**RECORDED DATA**:

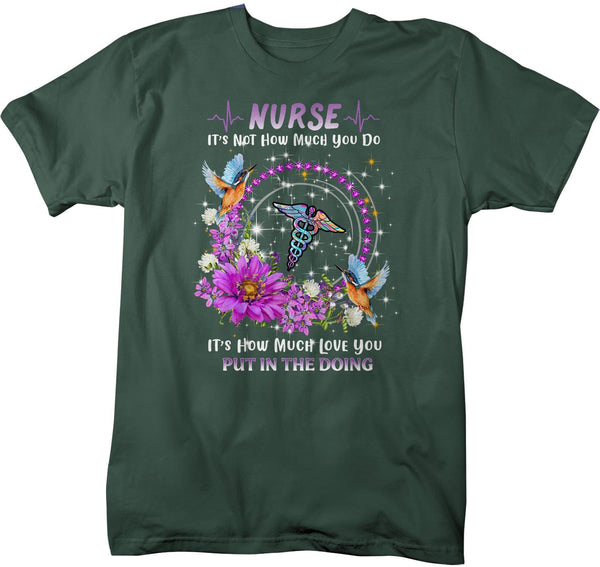 Men's Nurse T Shirt Love In Doing Nurse Shirt Cute Nurse Shirt Nurse Gift Idea Nursing Assistant Shirts Flower Hummingbird-Shirts By Sarah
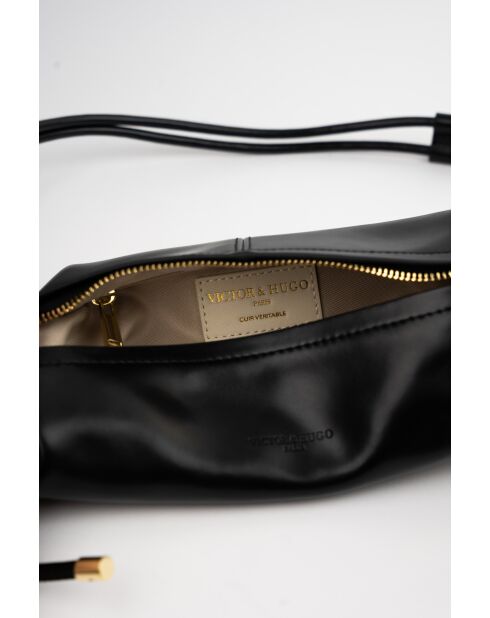 Sac bandouliere en cuir Aina noir - 26 x12 x5cm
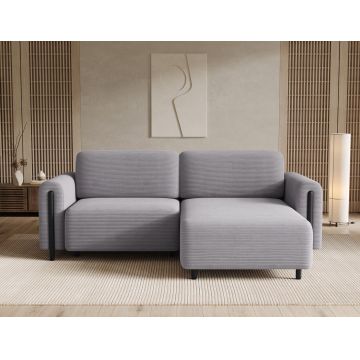 Coltar extensibil dreapta 3 locuri ELTAP, RT-BL-03JAR, Acossta, 244x154x95 cm, lemn/poliester, gri/negru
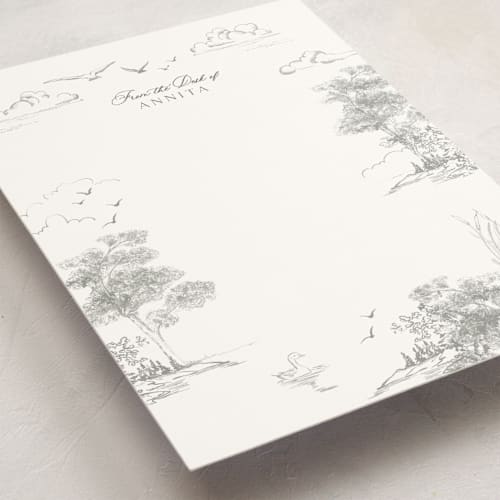 This is a stone personalized stationery thank you cards with standard by Lucrecia Caporale called lake side toile printing on signature in 5x7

**YOUR ASSIGNMENT**: Leaving out the pictures, output each line above exactly as it is.

**WRITTEN ANSWER**:
 Men's Nurse T Shirt Love In Doing Nurse Shirt Cute Nurse Shirt Nurse Gift Idea Nursing Assistant Shirts Flower Hummingbird-Shirts By Sarah
 Sac bandouliere en cuir Aina noir - 26 x12 x5cm
 Coltar extensibil dreapta 3 locuri ELTAP, RT-BL-03JAR, Acossta, 244x154x95 cm, lemn/poliester, gri/negru
 This is a stone personalized stationery thank you cards with standard by Lucrecia Caporale called lake side toile printing on signature in 5x7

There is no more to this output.